Slashdot Mirror


Knuth Got It Wrong

davecb writes "Think you've mastered the art of server performance? Think again. Poul-Henning Kamp, in an article at ACM Queue, finds an off-by-ten error in btrees, because they fail to take virtual memory into account. And he solves the problem in the open source 'Varnish' HTTP accelerator, for all of us to see and use."

8 of 298 comments (clear)

  1. Nope, he didn't by siddesu · · Score: 5, Informative

    Knuth's analysis is valid in the framework of his assumptions, and what is described in the linked article has been known as "cache oblivious b-tree" for not so short time.

  2. Credit where credit is due... by Anonymous Coward · · Score: 5, Informative
  3. Re:Theoretical performance vs real-world performan by DragonWriter · · Score: 5, Informative

    Yes it's true. In some real-world applications an algorithm encounters it's worst case running time more than the predicted theoretical average case running time.

    That's actually not the issue.

    The issue is that in the real world, the assumptions underlying the calculation of algorithmic complexity may not hold. For instance, Knuth's analysis that the author of the article here holds to be misleading (not, as the Slashdot title suggests, "wrong") calculates the complexity based on the assumption of ideal random access memory, that is, memory for which all accesses are equal cost.

    In real-world computers using caches (as pretty much all real-world computers do, often at many different levels) that assumption does not hold -- access to some parts of the memory address space are much more expensive than accesses to other parts of the address space, and which parts of the address space are expensive changes over time (and how it changes over time potentially depends on the caching strategy used at every level lower than the level at which the algorithm is implemented.)

    This means that algorithms in the real world can scale worse than their theoretical "worst-case", if that theoretical worst-case scaling is based on the assumption of constant memory access cost, since that assumption does not hold in the real world.
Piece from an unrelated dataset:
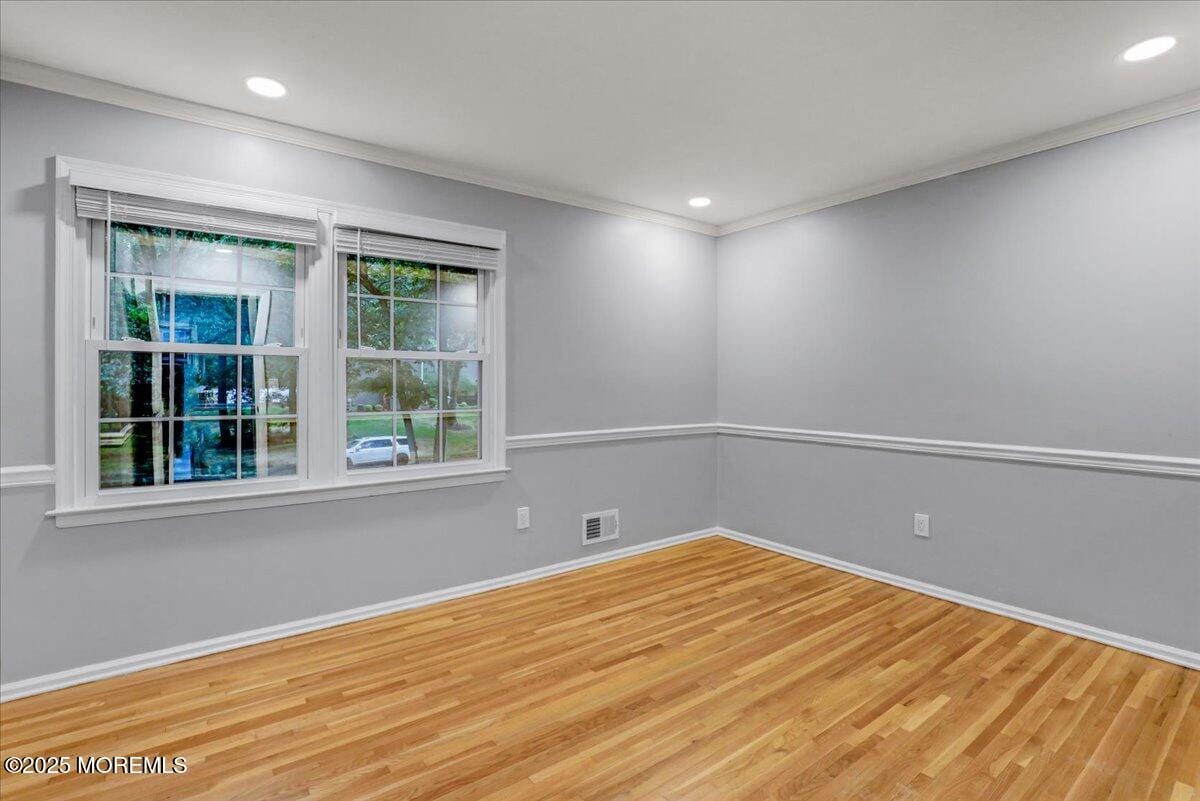 13 Manalapan Woods Drive, Manalapan, NJ, 07726 image 23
  4. This headline is silly by MadAndy · · Score: 4, Informative
    Knuth's stuff assumes everything is RAM-resident - as long as you don't violate that what he wrote is as valid as ever. I'm quite certain that he'll have different suggestions for tasks involving storing data on disk. Even though the disk writes are implicit because the OS is doing them, they're still there, just as they would be had he coded them explicitly. So of course you're going to get poor performance using a RAM-resident algorithm for a disk-resident application.
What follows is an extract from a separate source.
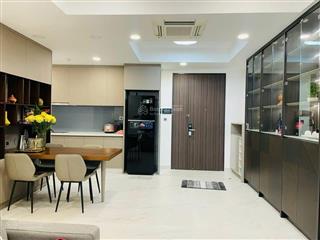Cho thuê giá tốt midtown m7. pmh. q7 y hình 0909 875 *** ms nga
    The RAM resident stuff is still useful, both at a lower level, but also for those of us creating applications that can live entirely in memory. A web site I did recently is careful to ensure that the entire primary data set can fit in memory, and for that site everything he wrote is still perfectly valid.
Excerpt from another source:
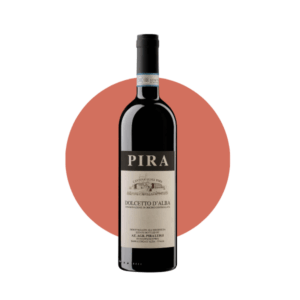 Dolcetto d'Alba
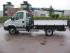 Amco Veba 603 T 1 S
    In fact, for very high performing websites you try to ensure that at least most of your requests come from memory rather than disk, which makes Knuth's stuff more important than ever. If you can't do it in RAM then you'd better have a lot of spindles!

  5. Re:Knuth didn't get it wrong by ImABanker · · Score: 5, Informative

    How does one get from, "I have not found a systematic flaw in the quality of Knuth et al.'s reasoning" to "Knuth Got it Wrong"?

  6. Many servers by tepples · · Score: 4, Informative

    Unless you have many servers

    The article does in fact mention many servers, specifically replacing twelve Squid servers with three Varnish servers.

    it is cheaper to throw money at the problem in the form of physical RAM before you start thinking about problems like this.

    No matter how much physical RAM you have, you're still limited by the speed of the interface between RAM and the CPU. If a set of closely related nodes can fit in a cache line, this improves locality so that the CPU can do more work instead of twiddling its thumbs.

  7. Re:Careful there... by Rakishi · · Score: 4, Informative

    No, you're missing the point. And wrong. And also missing a lot knowledge about what O() means.

    It doesn't matter how many orders of magnitude slower an operation is. O() is about SCALING for input size n. That's all. Constant factors do not matter. The GP already said this, please pay bloody attention next time. The running time of each operation is just a constant and has no impact on the O() performance. An order of magnitude or fifty is all the same. You talk about 1/100 speed and compare n to n^2. Hahahaha. Take n = 1000000. You know what the difference between n and n^2 is then? 1000000. Your puny factor of 100 is irrelevant against six orders of magnitude performance difference.

    The worst case performance does not change. It's still O(n) or O (n^2). In fact it's quite possible for an O(n^2) algorithm to be faster than an O(log(n)) algorithm for small n under certain conditions. O is all about n being so bloody large that constant factors don't matter anymore.

    This is all basic introductory algorithms stuff, please read up on it before trying to chime in on any arguments related it it in the future, okay?

  8. The smell of slashdot in the morning... by phkamp · · Score: 4, Informative

    What a misleading title, it is not even in the same continent as the article.

    A large number of people obviously didn't read the actual article.

    And I guess Knuth has quite a fanboi community on slashdot. I wonder if he really appreciates that ?

    Some of those who did read the article, does not seem to know the difference between a binary heap and a binary tree, and even the pretty strong clue to the difference in the text, did not make them go check wikipedia. 10 out of 10 for selfesteem, but 0 out of 10 for clue.

    Those who think CS should be unsullied by actual computers should make sure to note this belief on their resume. (Trust me, everybody you send your resume to will appreciate that.)

    Those who advocate getting rid of Virtual Memory must have much more money for RAM than is sensible. I wish I could afford that.

    About five comments tries, in vain it seems, to explain the point of my article to the unwashed masses (kudos!, but really, what are you doing here ?)

    Not one comment rises to a level where I feel a need to answer it specifically. On Reddit over the weekend there were about a handful.

    Is that really par for the course on slashdot these days ?

    Sic transit gloria mundi...

    Poul-Henning

    --
    Poul-Henning Kamp -- FreeBSD since before it was called that...